Statistics & Probability Interview Questions
Practice the statistics and probability concepts tested in data science and analytics interviews: distributions, hypothesis testing, p-values, confidence intervals, Bayes' theorem, and sampling.
Frequently Asked Questions
What statistics topics show up in data science interviews?
Core topics are probability distributions (normal, binomial, Poisson), hypothesis testing and p-values, confidence intervals, the Central Limit Theorem, Type I/II errors and statistical power, correlation vs causation, Bayes' theorem, and sampling/bias. Most data science and analyst loops include a dedicated statistics screen.
How deep does the math go in a data science stats interview?

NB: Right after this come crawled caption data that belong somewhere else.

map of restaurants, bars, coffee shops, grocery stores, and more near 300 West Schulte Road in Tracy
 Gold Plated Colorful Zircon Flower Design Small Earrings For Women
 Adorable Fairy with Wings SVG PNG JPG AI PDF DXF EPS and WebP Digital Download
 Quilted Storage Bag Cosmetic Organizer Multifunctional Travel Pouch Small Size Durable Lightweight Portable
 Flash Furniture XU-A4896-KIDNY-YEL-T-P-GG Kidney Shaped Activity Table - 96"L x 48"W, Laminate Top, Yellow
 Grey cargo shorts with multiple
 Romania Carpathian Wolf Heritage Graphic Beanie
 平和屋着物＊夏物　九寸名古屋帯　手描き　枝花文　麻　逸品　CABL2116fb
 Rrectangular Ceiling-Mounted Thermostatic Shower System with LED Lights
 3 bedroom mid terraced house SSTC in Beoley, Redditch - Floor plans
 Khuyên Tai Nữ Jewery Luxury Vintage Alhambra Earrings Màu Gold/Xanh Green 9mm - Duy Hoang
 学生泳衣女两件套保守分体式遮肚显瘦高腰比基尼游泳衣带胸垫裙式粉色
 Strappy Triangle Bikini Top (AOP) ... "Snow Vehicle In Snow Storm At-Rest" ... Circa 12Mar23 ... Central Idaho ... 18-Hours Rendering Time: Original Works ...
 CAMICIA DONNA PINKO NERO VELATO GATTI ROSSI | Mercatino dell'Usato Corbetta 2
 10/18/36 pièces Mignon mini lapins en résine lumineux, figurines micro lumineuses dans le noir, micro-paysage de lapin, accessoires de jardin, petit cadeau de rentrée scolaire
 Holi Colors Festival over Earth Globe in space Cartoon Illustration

For most product data scientist and analyst roles, conceptual fluency matters more than derivations: you should be able to explain what a p-value means, when to use a t-test vs a chi-square test, and how confidence intervals behave - not prove the CLT. Research and ML scientist roles go deeper into probability theory and estimation.
What is the most common statistics mistake candidates make?
Misinterpreting the p-value (it is not the probability the null is true), confusing statistical significance with practical/effect size, ignoring multiple-comparisons inflation, and conflating correlation with causation. Interviewers probe these exact misconceptions.
Do I need to know Bayesian statistics?
A working grasp of Bayes' theorem - priors, likelihoods, posteriors, and base-rate reasoning - is commonly tested, including classic conditional-probability puzzles (e.g. disease testing with a low base rate). Full Bayesian modeling is usually only required for specialized roles.
How is probability tested separately from statistics?
Probability questions cover combinatorics, conditional probability, expected value, independence, and common distributions, often as quick mental-math or brain-teaser style problems. Statistics questions focus on inference from data - estimating parameters and testing hypotheses.